Best (and cutest) Mac ever! And now expandable too, even with a Thunderbolt 3, 4, or 5 external drive as your Startup Drive. I took my base M4 Mac mini, added a 4TB SanDisk PRO-G40 External Thunderbolt 3 SSD drive, and set it up as my Startup Disk with macOS on it, and now I boot up having a 4TB SSD M4 Mac Mini for less than $1,000. The External Thunderbolt 3 SSD speed (at up to 3,200 MB/second with both read and write) is even faster than the Apple internal 256GB SSD drive. Thunderbolt 5 External SSD drives (coming out soon from OWC) should be up to twice that speed on M4 Pro Mac Minis.

Note: I recommend a Thunderbolt 3, 4 or 5 External SSD drive, and not a USB 3 or USB 4 external SSD drive for your Startup Drive, as they usually can't maintain speeds as well as a Thunderbolt SSD drive. USB drives work great for data storage, but for use as a Swap Drive for full flash RAM memory and for your macOS and Program Applications, I recommend a Thunderbolt 3/4/5 SSD drive as your primary Startup Drive on your Mac. Just make sure that you set it up per the below Apple instructions which SSD drive (Internal or External) is your Startup Drive for your Mac to boot up with, and use for reading and writing to. You will have to change your Startup Drive back in the General Settings to boot up with the 256GB Internal SSD drive, if you ever need to use it, otherwise it is good for read only use. I had to use the macOS Recovery method (by holding the power button down on boot) outlined in Apple's link below to install macOS on my external Thunderbolt 3 SSD drive, before I could set it up to be my System Startup (Boot) Drive.
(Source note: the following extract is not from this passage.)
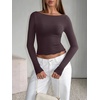 image:imageLASLULU Womens Semi Sheer Square Neck Long Sleeve Workout Tops Wrap Top  See Through FabricLettuce EdgeReversible NecklineFitted Athletic Shirtsfor Ballet Yoga PilatesLayering Over Workout SetsPurplish Brown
Here are Apple's Instructions on how to install macOS on an external storage device (like a Thunderbolt SSD drive) and use it as a startup disk: https://support.apple.com/en-us/111336
Would there be issues maxing out the Thunderbolt bus if you had a couple high-res external monitors?
 
Note that physics rules SoC operation, and that the physically and electrically closer RAM gets to CPU/GPU the faster and more energy efficient the computer can be. Folks wishing for EU to incentivize gross modularity are also encouraging EU to incentivize less energy efficiency [there are of course entities lobbying EU to require modularity because they have business reasons to maintain status quo inefficiencies]. There are reasons Apple SoC is so much more efficient than the old style modular PC boxes.
Any perceived energy efficiencies are cancelled out by the lack of upgrade or repair potential in these sealed units. It is like the dichotomy of many electric vehicles - seemingly cheaper and therefore greener to run until you look at the overall carbon footprint and then it isn't so clear. Most of Apple's innovation seems to be in extracting money for old rope these days. The Studio and Mini have modular storage. Apple does not allow any post purchase upgrades in that department although there are no technical barriers to this as we have seen. You cannot defend this.
 
With expandable storage and new smaller form factor, also power-efficient CPU and hardware accelerated AV1 decoding, the M4 Mac mini might be the best HTPC (media computer). Wonder if there’s any good Mac software for that.
 
So! you’d need hundreds of dollars of tools and equipment, 6-8 hours of your time, high risk of destroying your equipment, but you might save $200 over Apple’s storage upgrade? Where do sign? 🤣😂
It doesn't make sense if all you want is a 512GB SSD, but the 2TB SSD is an $800 upgrade and you might even be able to upgrade to 4TB which Apple doesn't offer for the Mini, but if they did it would be a $1600 upgrade.
 
And do you consider “using a heat gun” as upgradable? It is actually dangerous, because you could affect something else inside
You probably need a lot of experience working with electronics if you don't want to de-solder the surrounding components.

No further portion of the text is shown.